Assignment 7: Wrangling data from APIs

Assignment 7: Wrangling data from APIs#

The previous assignment gave you some experience with the data wrangling functionality of pandas; this are skills you’ll be returning to throughout the semester. In this assignment, you’ll be expanding upon those skills by working with data from the City of Fort Worth’s Open Data API. As you learned in class, data APIs are interfaces that allow you to access data programmatically. In turn, data APIs allow data to be accessed by applications such as websites, or in this case a data analysis pipeline.

Fort Worth’s Open Data API is powered by Socrata, a start-up that helps cities open up their data catalogs to the public. Many other cities, including New York City and Dallas, use Socrata as well. Fort Worth’s open data catalog is small, but growing, and the city’s use of Socrata makes its data available in many different ways.

In this assignment we’ll be working with Fort Worth Police crime data, available at this link: https://data.fortworthtexas.gov/Public-Safety-Courts/Crime-Data/k6ic-7kp7. The data include observations going back more than 100 years!

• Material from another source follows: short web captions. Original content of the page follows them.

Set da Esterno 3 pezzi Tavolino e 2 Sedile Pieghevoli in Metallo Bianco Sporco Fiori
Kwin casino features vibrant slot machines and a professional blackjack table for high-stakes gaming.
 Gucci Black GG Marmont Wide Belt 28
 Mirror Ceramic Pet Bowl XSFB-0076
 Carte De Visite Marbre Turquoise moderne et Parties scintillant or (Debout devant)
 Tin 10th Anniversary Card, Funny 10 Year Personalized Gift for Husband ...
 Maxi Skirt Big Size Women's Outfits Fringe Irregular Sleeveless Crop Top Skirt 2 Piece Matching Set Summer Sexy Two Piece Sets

However, we’ll be working with more recent data as we can presume that they are more complete.

The Socrata web interface includes a lot of options for filtering, manipulating, and visualizing the data. As we want to be able to access it inside our data analysis environment in pandas, however, we’ll want to be able to access it directly. Socrata gives several options for exporting the data in a variety of formats, including CSV; however, you are going to learn in this assignment how to access the data through Socrata’s open data API.

Generally, data APIs make data available in one of two formats: JSON (JavaScript Object Notation) or XML (eXtensible Markup Language). JSON is becoming the more common of the two, as it fits well within the structure of modern websites, which rely heavily on the JavaScript programming language.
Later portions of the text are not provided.